The story starts at least a hundred years after the ending of Mary Shelley’s novel, with an expedition in 1898 to Arctic waters by Robert Walton IV. Okay… that’s kind of circumspect. I don’t really remember at the time, but I do believe that the territory through which Walton IV is trying to go through was crown land given to the Hudson’s Bay Company at the time. Of course, there would be no NWMP/RCMP on patrol so far North, but there would be no reason to go on an expedition to charted territory. However, 1898 must have seemed so long ago in 1973 so I’m sure Friedrich just didn’t give a damn. But, it seems that the descendant of Robert Walton is going to play a pivotal role in bringing Frankenstein’s Monster into the Marvel Universe. Perhaps that is the secret purpose of this expedition, to find the monster of the fabled scientist that only his family knows is real, having told the story to Mary Shelley once and her then publicizing it with her novel. I don’t know, I’m just speculating on that one.

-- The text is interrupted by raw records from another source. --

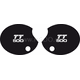 Kedo Side Cover Decal Set 'TT500', 1 Pair Right & Left, Lettering TT500 US model '80 | 20106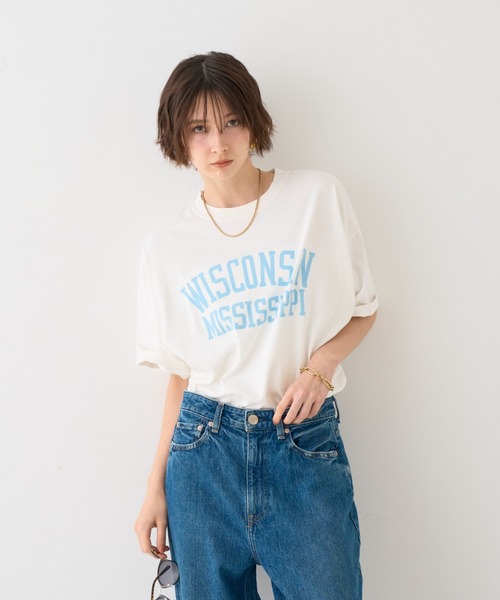 REMI RELIEF tシャツ 「REMI RELIEF／レミレリーフ」別注TEE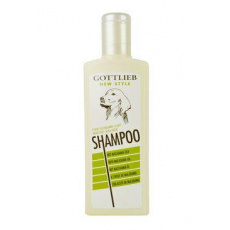 Gottlieb šampon s makadam. olej EI/Vaječný 300ml pes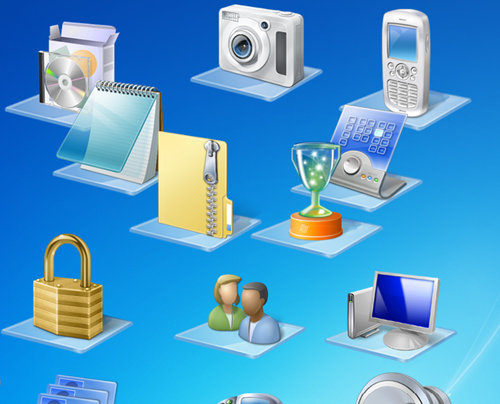 Windows 7 Library Icons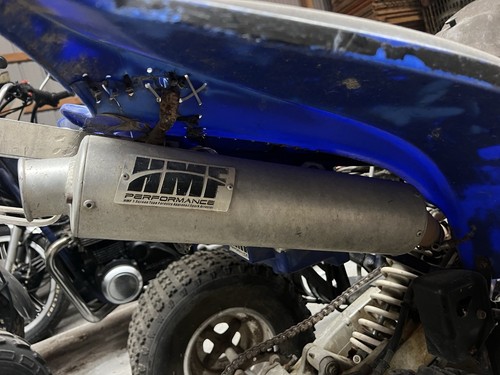 2001 Yamaha Raptor 660 HMF Exhaust Pipe Muffler Performance 2002 2003 2004 2005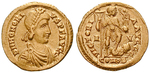 21636 Honorius, Solidus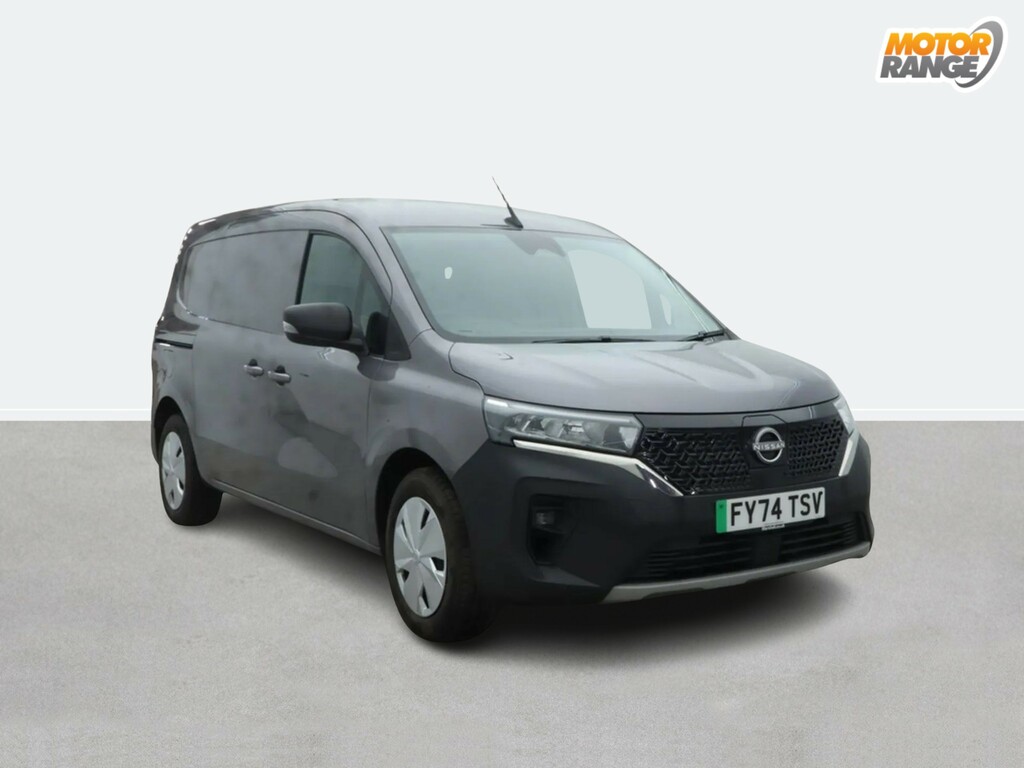 Nissan TOWNSTAR 90Kw Tekna Van 45Kwh Grey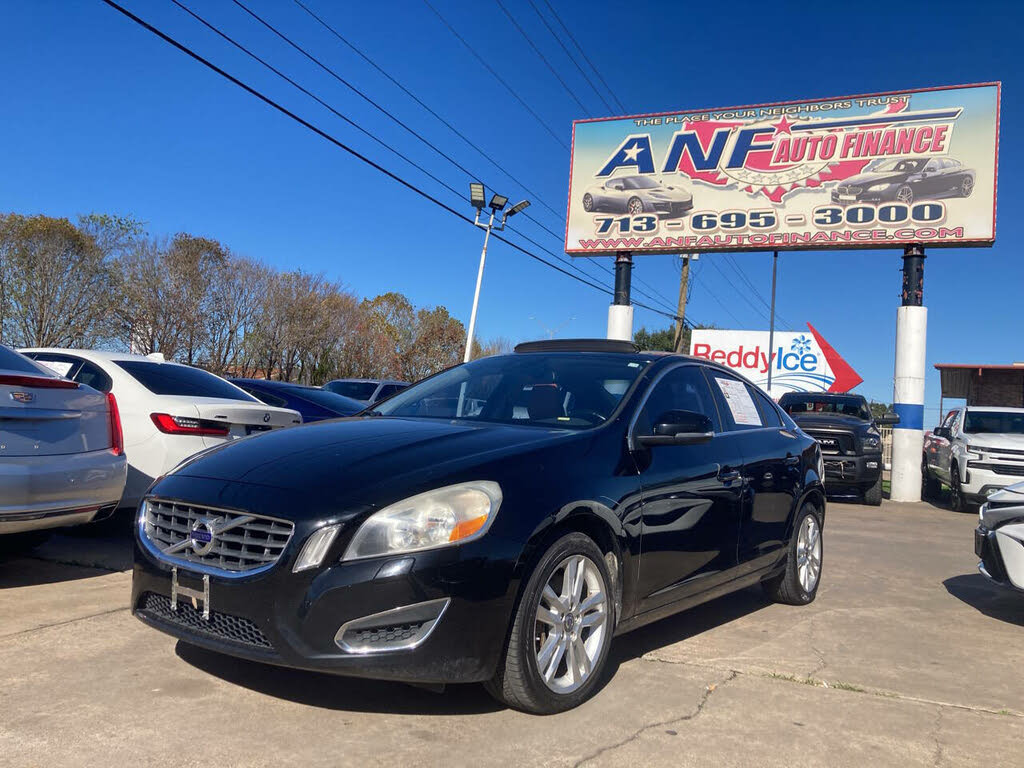 2013 Volvo S60 T5 Platinum
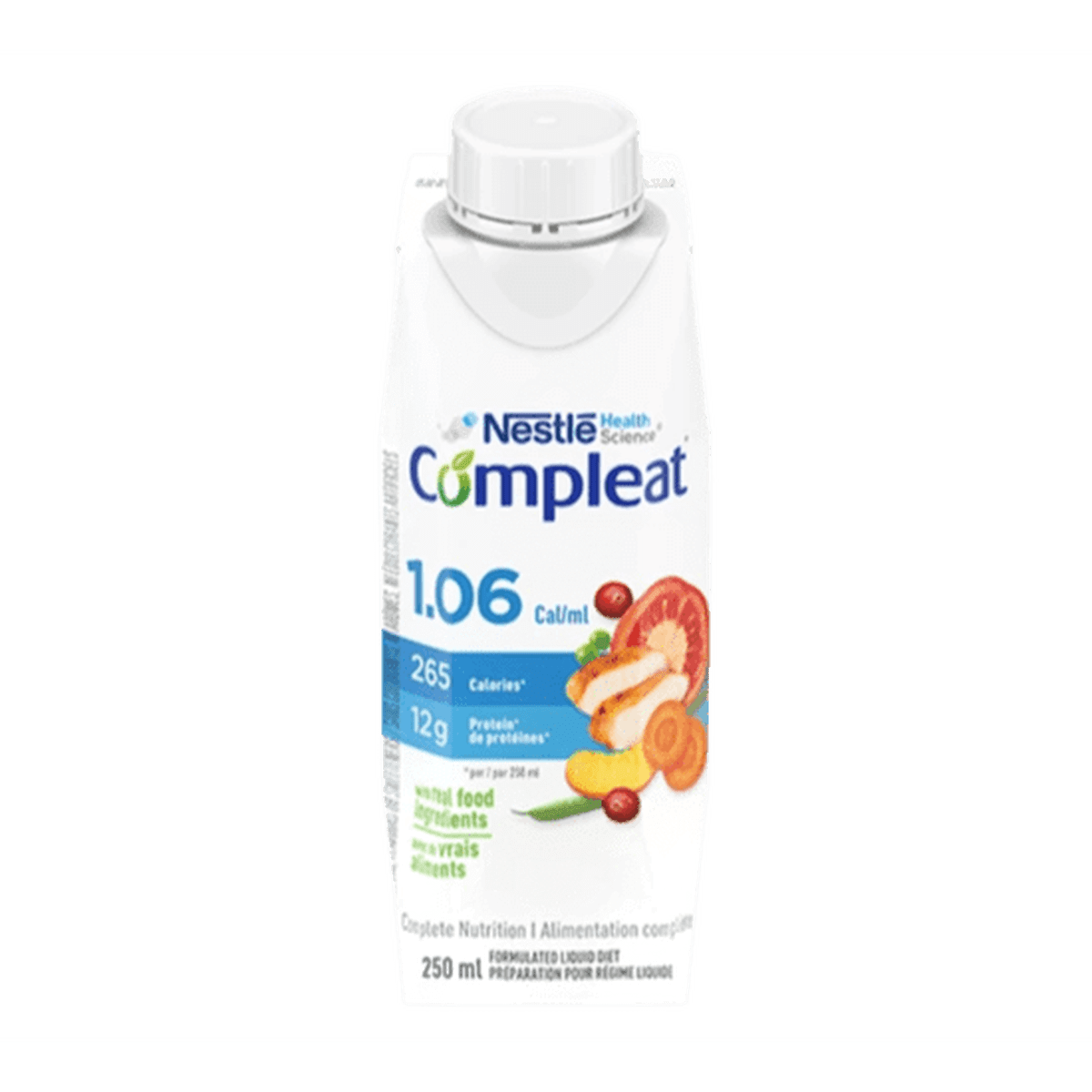 Compleat® 1.06 Tetra  Nestle Health Science   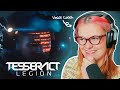 Vocal coach 1st time reaction to tesseract  legion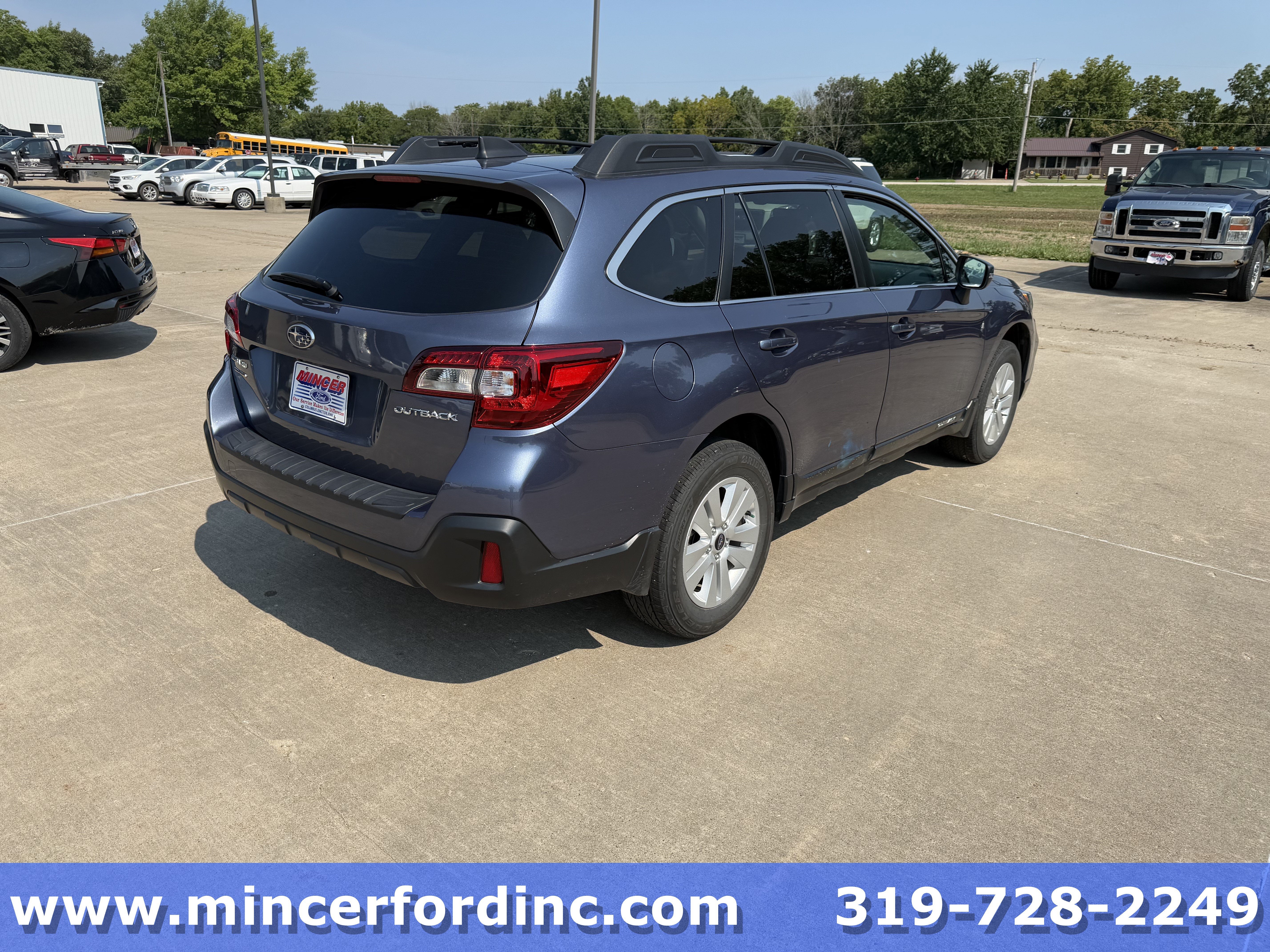 2018 Subaru Outback Premium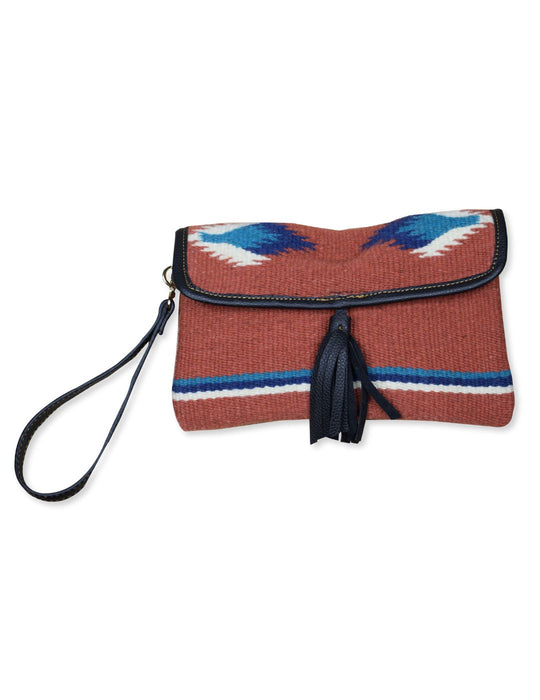 Wool Wristlet Purse - B1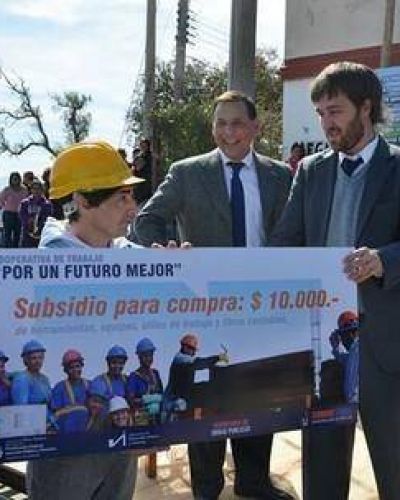  La Municipalidad construir� 24 nuevas viviendas a trav�s de cooperativas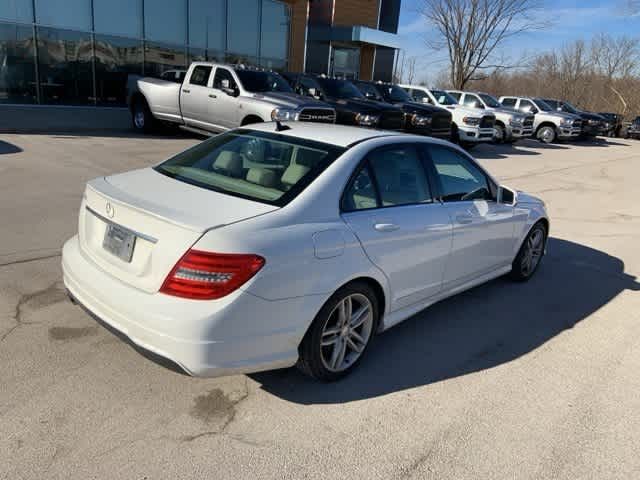 2013 Mercedes-Benz C-Class 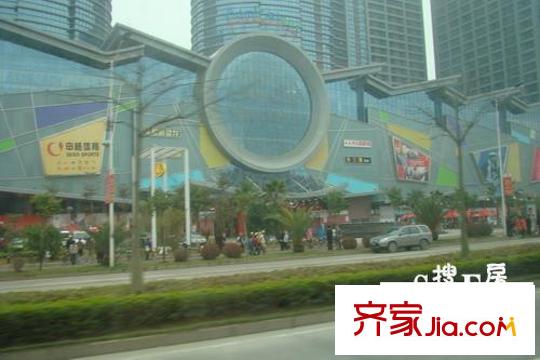 榮和山水美地配套圖航洋沃爾瑪7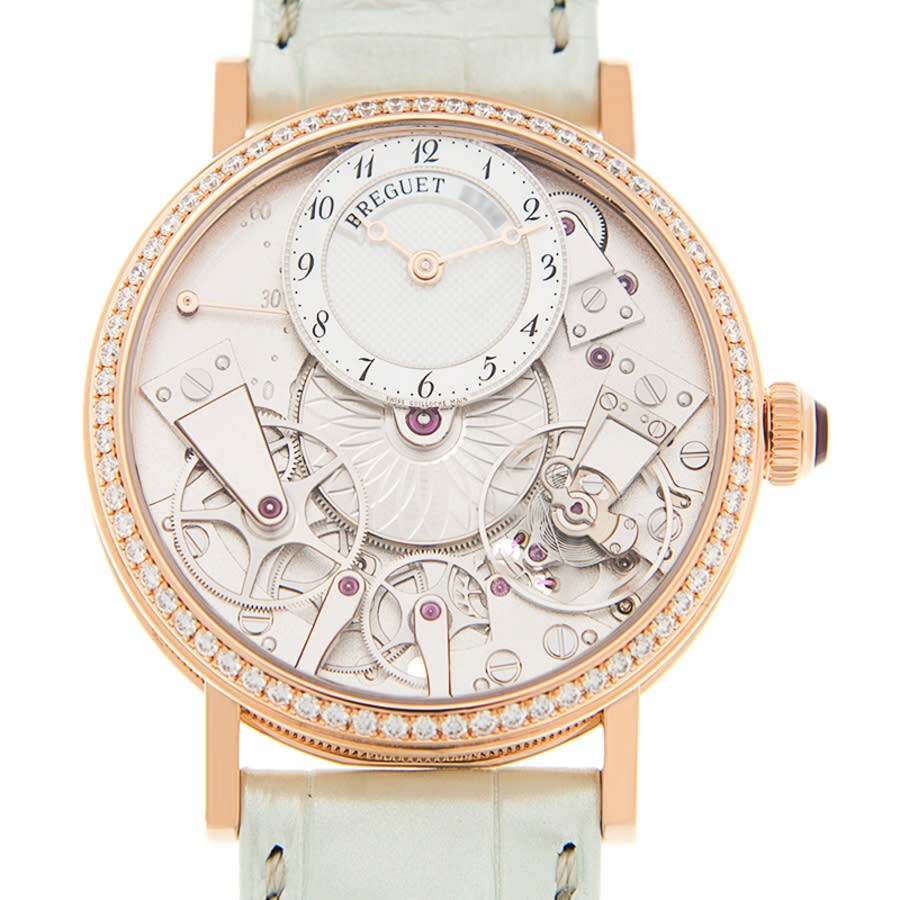 Breguet Tradition Dame Automatic Ladies Watch 7038BR/18/9V6.D00D - 2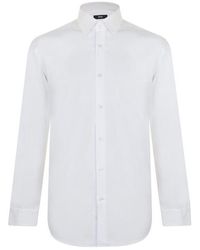 BOSS Enzo Formal Shirt - White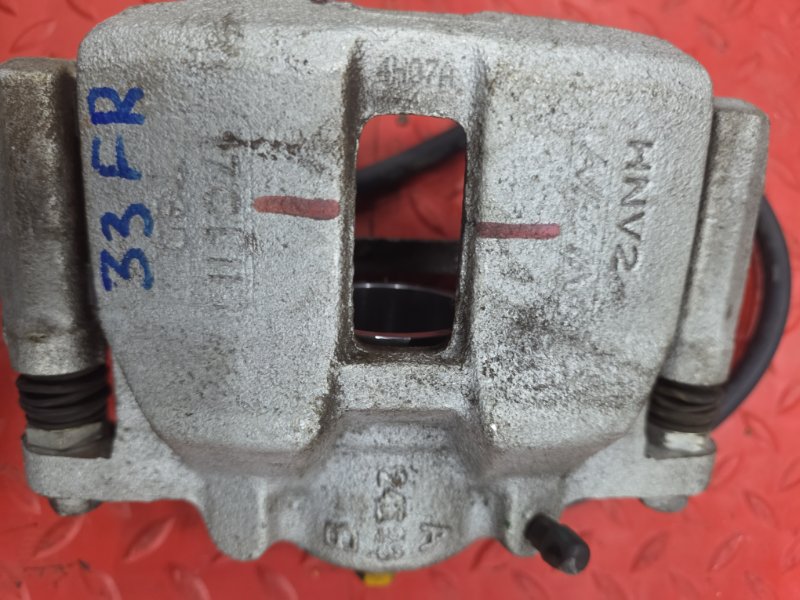 Суппорт передний правый WR-V 2024 ПРОБЕГ 5535 км. DG5 L15D (1490 сс)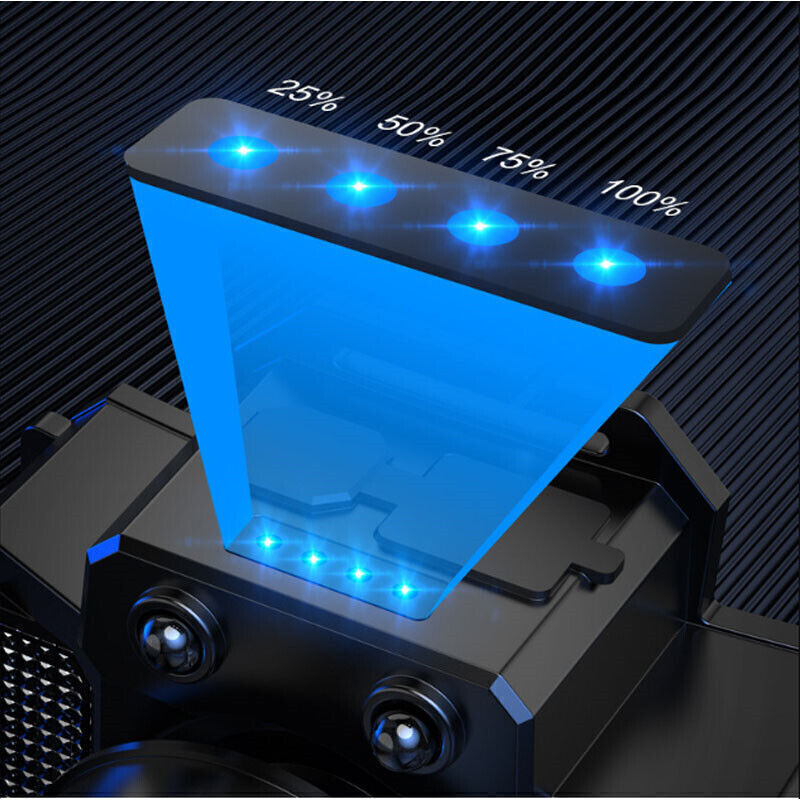 Rechargeable LED Induction Headlamp - Super Bright, Multifunctional Work Light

Either way, the opening page has Robert Walton IV leading his crew out to land after his ship gets stuck in ice. They wind up finding Frankenstein’s Monster – with Robert identifying him right away – so even if finding him wasn’t the initial purpose of the expedition, it is now. So, he has his crew, which is apparently full of cutthroats and killers, excavate the block of ice so that they can transport it. It’s clear that Robert took what he could get instead of hiring a trustworthy crew. So, when set to a task like excavating the Monster and transporting him while an Arctic storm is brewing, it’s clear that Robert’s pushed them to the edge of mutiny. Robert’s guide Canute knows they have been pushed too far, even as night falls, and offers to stand watch. Robert agrees to let him, but it’s clear that ambition has taken his eye and he cares more about losing Frankenstein’s Monster than his own life.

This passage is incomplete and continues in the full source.